===== Dataset content

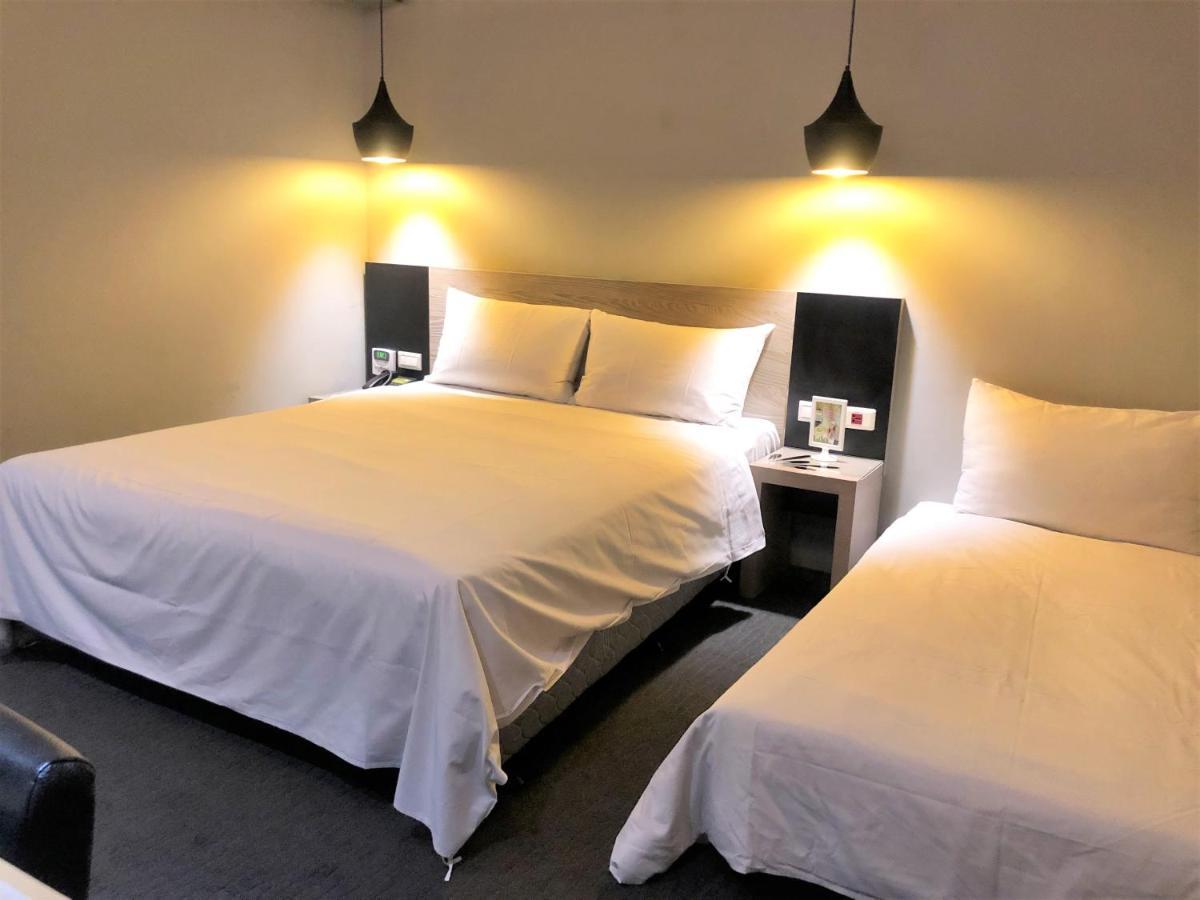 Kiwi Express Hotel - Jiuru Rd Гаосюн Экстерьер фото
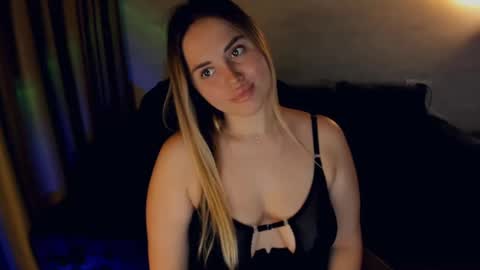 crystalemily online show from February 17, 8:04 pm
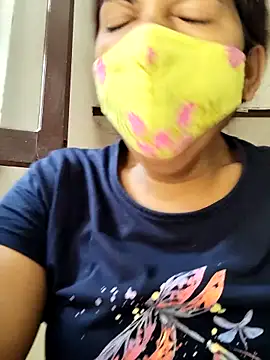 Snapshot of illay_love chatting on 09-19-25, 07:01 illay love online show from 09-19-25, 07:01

==========

Task directions: Repeat the listing above word for word, omitting the pictures.

Answer space:
 Kiwi Express Hotel - Jiuru Rd Гаосюн Экстерьер фото
 crystalemily online show from February 17, 8:04 pm
 Snapshot of illay_love chatting on 09-19-25, 07:01 illay love online show from 09-19-25, 07:01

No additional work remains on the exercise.